Data extracted from a collection
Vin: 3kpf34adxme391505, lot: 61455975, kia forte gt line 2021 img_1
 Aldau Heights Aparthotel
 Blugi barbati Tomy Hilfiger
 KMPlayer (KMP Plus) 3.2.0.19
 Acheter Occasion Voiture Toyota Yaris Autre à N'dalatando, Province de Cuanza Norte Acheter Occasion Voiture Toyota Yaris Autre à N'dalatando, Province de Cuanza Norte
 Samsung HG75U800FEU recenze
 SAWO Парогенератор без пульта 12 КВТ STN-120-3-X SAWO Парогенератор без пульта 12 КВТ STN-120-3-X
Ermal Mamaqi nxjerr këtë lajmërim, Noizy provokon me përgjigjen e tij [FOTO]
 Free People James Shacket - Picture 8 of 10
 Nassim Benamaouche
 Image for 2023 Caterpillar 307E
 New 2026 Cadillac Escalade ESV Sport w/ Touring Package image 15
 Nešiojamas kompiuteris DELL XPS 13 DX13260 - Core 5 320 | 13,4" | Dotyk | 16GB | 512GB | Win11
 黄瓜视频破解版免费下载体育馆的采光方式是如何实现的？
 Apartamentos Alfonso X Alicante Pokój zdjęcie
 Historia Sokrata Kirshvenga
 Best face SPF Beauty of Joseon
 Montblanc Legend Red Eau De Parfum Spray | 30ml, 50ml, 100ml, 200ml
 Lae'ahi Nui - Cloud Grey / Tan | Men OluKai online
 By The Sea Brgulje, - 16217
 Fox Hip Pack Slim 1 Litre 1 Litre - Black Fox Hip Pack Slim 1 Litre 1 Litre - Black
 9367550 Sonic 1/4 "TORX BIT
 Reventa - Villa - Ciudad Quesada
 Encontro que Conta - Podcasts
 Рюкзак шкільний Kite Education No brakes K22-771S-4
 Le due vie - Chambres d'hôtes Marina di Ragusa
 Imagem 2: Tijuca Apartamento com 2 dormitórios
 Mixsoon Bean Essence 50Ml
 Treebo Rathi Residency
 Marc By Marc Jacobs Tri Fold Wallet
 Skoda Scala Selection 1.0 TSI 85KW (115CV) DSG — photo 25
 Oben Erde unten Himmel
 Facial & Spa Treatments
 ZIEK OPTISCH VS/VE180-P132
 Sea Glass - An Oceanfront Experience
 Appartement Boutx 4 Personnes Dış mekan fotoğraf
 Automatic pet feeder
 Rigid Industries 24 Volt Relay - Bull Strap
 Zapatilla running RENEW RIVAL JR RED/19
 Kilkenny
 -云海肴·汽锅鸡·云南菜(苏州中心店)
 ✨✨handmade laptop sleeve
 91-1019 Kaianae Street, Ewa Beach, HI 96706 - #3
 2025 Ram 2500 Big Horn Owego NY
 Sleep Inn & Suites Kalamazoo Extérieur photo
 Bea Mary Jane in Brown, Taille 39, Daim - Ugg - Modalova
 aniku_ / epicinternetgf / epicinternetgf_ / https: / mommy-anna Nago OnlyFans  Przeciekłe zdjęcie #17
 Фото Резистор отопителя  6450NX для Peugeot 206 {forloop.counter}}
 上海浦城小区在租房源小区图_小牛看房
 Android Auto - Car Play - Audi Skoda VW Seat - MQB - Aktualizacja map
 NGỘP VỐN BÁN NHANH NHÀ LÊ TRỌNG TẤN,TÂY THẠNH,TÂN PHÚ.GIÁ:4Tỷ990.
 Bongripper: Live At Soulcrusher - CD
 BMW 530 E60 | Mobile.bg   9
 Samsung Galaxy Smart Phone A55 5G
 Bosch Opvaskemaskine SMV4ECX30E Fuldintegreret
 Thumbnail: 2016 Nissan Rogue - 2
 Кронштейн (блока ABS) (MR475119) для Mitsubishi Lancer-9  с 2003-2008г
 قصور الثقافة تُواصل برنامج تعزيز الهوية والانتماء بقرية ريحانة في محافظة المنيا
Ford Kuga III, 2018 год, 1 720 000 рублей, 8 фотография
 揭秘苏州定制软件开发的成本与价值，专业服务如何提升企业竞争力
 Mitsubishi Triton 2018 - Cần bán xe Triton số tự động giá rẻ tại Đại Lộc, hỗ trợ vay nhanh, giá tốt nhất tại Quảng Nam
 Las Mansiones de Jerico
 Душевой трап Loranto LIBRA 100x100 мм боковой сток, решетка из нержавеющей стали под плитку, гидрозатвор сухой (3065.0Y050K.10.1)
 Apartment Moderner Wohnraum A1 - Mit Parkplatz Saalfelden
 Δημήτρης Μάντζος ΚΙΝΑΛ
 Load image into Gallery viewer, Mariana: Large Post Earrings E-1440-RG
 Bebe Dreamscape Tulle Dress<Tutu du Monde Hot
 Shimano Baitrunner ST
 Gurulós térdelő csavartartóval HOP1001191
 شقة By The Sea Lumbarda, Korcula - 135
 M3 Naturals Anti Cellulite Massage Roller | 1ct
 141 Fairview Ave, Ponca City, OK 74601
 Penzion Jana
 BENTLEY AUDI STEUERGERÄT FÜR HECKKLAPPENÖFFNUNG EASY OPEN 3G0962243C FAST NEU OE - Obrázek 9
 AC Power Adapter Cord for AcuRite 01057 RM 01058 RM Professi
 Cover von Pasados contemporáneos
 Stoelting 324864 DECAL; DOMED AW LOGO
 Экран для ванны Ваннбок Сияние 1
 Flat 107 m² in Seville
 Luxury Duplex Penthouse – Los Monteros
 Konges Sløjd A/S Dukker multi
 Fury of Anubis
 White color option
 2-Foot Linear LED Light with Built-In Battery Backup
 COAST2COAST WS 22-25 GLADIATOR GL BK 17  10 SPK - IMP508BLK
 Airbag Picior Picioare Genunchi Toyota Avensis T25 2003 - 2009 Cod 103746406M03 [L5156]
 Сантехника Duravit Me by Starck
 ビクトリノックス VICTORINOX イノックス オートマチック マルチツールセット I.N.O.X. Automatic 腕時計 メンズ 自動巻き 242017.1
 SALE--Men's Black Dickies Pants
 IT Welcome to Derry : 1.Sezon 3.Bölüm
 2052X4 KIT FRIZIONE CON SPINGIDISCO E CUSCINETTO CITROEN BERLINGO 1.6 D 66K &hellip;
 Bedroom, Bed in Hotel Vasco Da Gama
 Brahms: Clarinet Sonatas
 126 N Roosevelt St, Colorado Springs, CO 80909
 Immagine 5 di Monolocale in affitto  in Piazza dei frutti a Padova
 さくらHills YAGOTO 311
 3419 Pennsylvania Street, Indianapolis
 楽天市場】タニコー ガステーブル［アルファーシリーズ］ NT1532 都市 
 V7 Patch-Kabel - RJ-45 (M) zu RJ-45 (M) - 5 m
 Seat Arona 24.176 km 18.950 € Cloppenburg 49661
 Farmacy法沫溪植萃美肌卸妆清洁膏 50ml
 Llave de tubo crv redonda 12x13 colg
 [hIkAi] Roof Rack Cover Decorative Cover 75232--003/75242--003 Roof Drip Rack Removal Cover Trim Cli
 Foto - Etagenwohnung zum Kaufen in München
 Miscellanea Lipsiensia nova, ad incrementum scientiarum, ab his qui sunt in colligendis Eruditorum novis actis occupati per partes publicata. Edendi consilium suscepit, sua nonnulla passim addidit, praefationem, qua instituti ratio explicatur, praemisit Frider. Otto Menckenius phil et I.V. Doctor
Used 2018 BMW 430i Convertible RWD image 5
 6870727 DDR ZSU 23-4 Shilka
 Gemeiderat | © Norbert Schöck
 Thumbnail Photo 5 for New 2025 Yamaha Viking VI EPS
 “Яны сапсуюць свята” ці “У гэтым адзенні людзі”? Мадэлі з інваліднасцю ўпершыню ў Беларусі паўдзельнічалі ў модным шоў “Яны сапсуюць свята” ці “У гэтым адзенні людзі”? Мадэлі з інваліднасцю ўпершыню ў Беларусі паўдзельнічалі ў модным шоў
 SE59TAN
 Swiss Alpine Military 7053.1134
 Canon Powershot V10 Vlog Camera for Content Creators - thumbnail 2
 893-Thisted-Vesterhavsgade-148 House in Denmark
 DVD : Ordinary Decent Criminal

## Your goal
Look above for the line holding "Samsung HG75U800FEU recenze" and the line holding "Appartement Boutx 4", then output exactly those two lines and every line between them, nothing more.

## Result for this task
 Samsung HG75U800FEU recenze
 SAWO Парогенератор без пульта 12 КВТ STN-120-3-X SAWO Парогенератор без пульта 12 КВТ STN-120-3-X
Ermal Mamaqi nxjerr këtë lajmërim, Noizy provokon me përgjigjen e tij [FOTO]
 Free People James Shacket - Picture 8 of 10
 Nassim Benamaouche
 Image for 2023 Caterpillar 307E
 New 2026 Cadillac Escalade ESV Sport w/ Touring Package image 15
 Nešiojamas kompiuteris DELL XPS 13 DX13260 - Core 5 320 | 13,4" | Dotyk | 16GB | 512GB | Win11
 黄瓜视频破解版免费下载体育馆的采光方式是如何实现的？
 Apartamentos Alfonso X Alicante Pokój zdjęcie
 Historia Sokrata Kirshvenga
 Best face SPF Beauty of Joseon
 Montblanc Legend Red Eau De Parfum Spray | 30ml, 50ml, 100ml, 200ml
 Lae'ahi Nui - Cloud Grey / Tan | Men OluKai online
 By The Sea Brgulje, - 16217
 Fox Hip Pack Slim 1 Litre 1 Litre - Black Fox Hip Pack Slim 1 Litre 1 Litre - Black
 9367550 Sonic 1/4 "TORX BIT
 Reventa - Villa - Ciudad Quesada
 Encontro que Conta - Podcasts
 Рюкзак шкільний Kite Education No brakes K22-771S-4
 Le due vie - Chambres d'hôtes Marina di Ragusa
 Imagem 2: Tijuca Apartamento com 2 dormitórios
 Mixsoon Bean Essence 50Ml
 Treebo Rathi Residency
 Marc By Marc Jacobs Tri Fold Wallet
 Skoda Scala Selection 1.0 TSI 85KW (115CV) DSG — photo 25
 Oben Erde unten Himmel
 Facial & Spa Treatments
 ZIEK OPTISCH VS/VE180-P132
 Sea Glass - An Oceanfront Experience
 Appartement Boutx 4 Personnes Dış mekan fotoğraf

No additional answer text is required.